On July 18, FinCEN published SAR Stats—formerly called By the Numbers—an annual compilation of numerical data gathered from the Suspicious Activity Reports (SARs) filed by financial institutions using FinCEN’s new unified SAR form and e-filing process. Among other things, the new form and process were designed to allow FinCEN to collect more detailed information on types of suspicious activity.
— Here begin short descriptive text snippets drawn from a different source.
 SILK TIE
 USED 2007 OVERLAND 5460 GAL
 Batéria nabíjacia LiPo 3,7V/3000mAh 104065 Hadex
As such, FinCEN describes the data presented in this first SAR Stats issue as “a new baseline for financial sector reporting on suspicious activity.” The primary purpose of the report is to provide a statistical overview of suspicious activity developments, including by presenting SAR data arranged by filing industry type for the more than 1.3 million unique SARs filed between March 1, 2012 and December 31, 2013. In addition, the redesigned annual publication includes a new SAR Narrative Spotlight, which focuses on “perceived key emerging activity trends derived from analysis of SAR narratives.” The inaugural Spotlight examines the emerging trend of Bitcoin related activities within SAR narrative data. It states that FinCEN is observing a rise in the number of SARs flagging virtual currencies as a component of suspicious activity, and provides for potential SAR filers an explanation of virtual currencies and the importance of SAR data in assessing virtual currency transactions.